How to save a hold for your house
Let's also keep a loop of brochures, also a part of your work when you let go of
https://1.bp.blogspot.com/-VsxkW_WAck0/WQMEt5twL-I/AAAAAAAAVZM/9cFVTHizWdA9ckkUHZr-cOFcWIBC_i9jwCLcB/s1600/ko.png
I stole your idea here.
Smut Clyde said,
April 30, 2017 @ 12:12 am
Has anyone found any of this deep-dream poetry when translating into a language other than English? I'm getting the impression that the neural networks for translating into (say) Greek or Estonian are not sufficiently over-trained, so they do not produce these glitches.
[(myl) Repetitions of X, recognized as "Hawaiian", are translated into French
and Spanish
and German
etc. etc. similarly to English
]
Robert Coren said,
April 30, 2017 @ 9:46 am
I didn't look at any of the Jabberwocky translations at the link posted above, but I remember some of the French and German versions reproduced in Martin Gardner's The Annotated Alice, and I noted that, while the German tended to use existing German words for many of Carroll's invented words (die schlichte Toven / wirrten und wimmelten im Waben), the French went for nonsense-French that was reasonably analogous to the nonsense-English.
tangent said,
May 1, 2017 @ 3:24 am
@myl On the PR side, the burden of proof and persuasion to release an autonomous car is so high, nobody's going to look at it and say "but, what about Goofle Translate." If the car works, they'll get in.
[(myl) Probably true — but the PR question (and to some extent the public policy question) is how do you tell whether the "the car works"? In many ways, Google Translate "works" — I use it myself all the time.
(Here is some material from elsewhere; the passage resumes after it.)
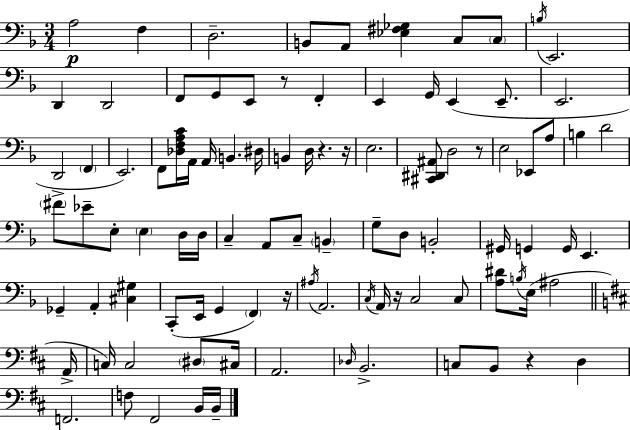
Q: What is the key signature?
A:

But it's news to me (and to most people) that it can go off the rails so spectacularly given certain sorts of inputs. And it will be a matter of concern that self-driving vehicle algorithms might similarly sometimes be triggered to behave in unexpectedly systematic but situation-inappropriate ways.]
On the technical side, you know the technologies have almost zero relation to each other, and not everybody knows that. But if people get it clear that machine translation is not currently "self-driving", that's good. And if this gives all opaque machine learning systems a reputation of needing careful engineering to prevent weird edge cases, that's good. People will overgeneralize on that, sure, but there's no permanent harm done from this overgeneralization. Doubt can be addressed by evidence. It's better than fear.
richardelguru said,
May 1, 2017 @ 7:28 am
çççççççççççççççççççççççççççççççççççççççççççç was recognized as Turkish and gave me 'Coulter'!
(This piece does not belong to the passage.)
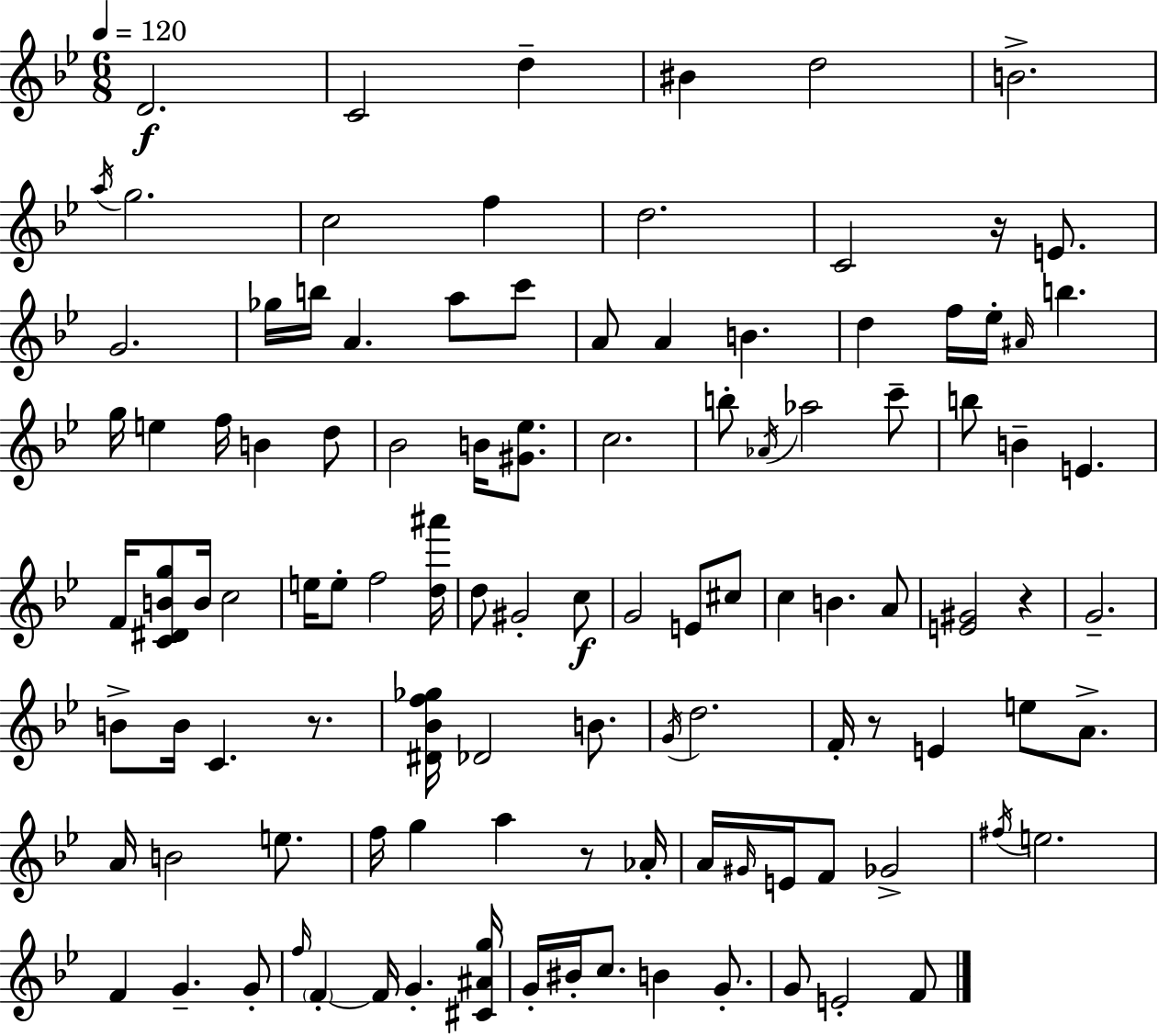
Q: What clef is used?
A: treble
I wonder if the students at Berkley have been hacking???
[(myl) And successive additions of ç are translated as
Coulter
Foaming
Tongue-in-cheek
Tongue-in-the-wall crutches
Tongue-in-the-wall crusher
]
richardelguru said,
May 1, 2017 @ 7:31 am
Oh! and adding another ç produces 'Foaming'!!
Lane said,
May 1, 2017 @ 3:47 pm
For what it's worth, my understanding, confirmed by someone at Deepmind, is that Deepmind, while owned by Google, has nothing to do with Translate. Unless I'm missing something subtle in Mark's ex reticulo joke…
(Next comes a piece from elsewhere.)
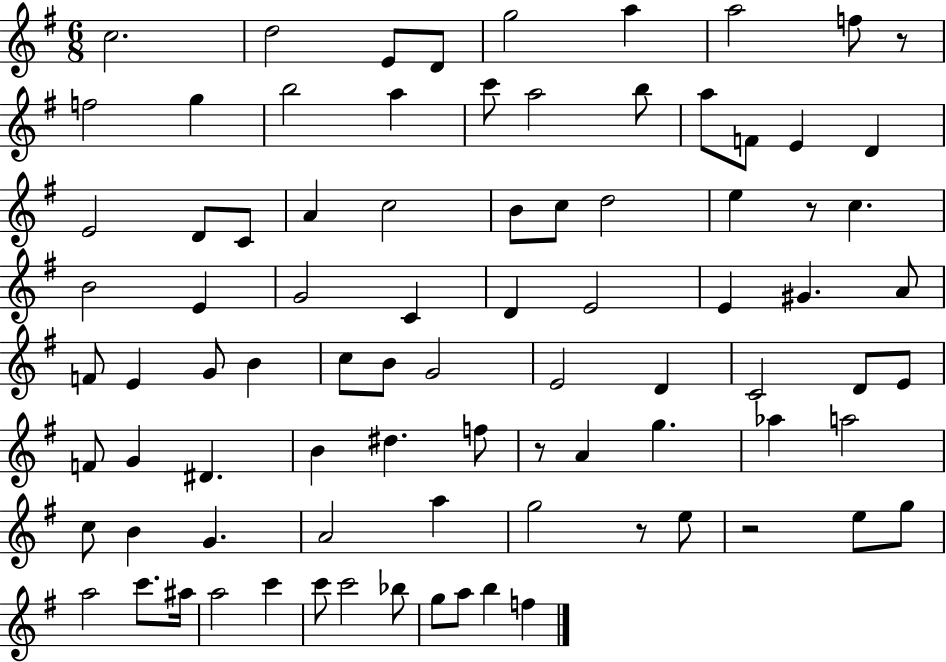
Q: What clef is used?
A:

[(myl) I'm assuming that Deep Mind is the Rome of the Neural Catholic Church. And whatever the episcopate, the current orthodoxy is to view Feature Engineering as heresy…]
PB said,
May 3, 2017 @ 7:28 pm
@Michael Watts: the equally nonexistent German word "Brillig": The word doesn't exist in German, but (as a native Swiss-German speaker) I'd say it is a *possible* or thinkable word in German. The German word for glasses (spectacles) is "Brille", so a creative speaker, wishing to express that something has in some way qualities of glasses or is "like glasses", could call that "brillig". It would be a very whimsical, weird way of speaking, though.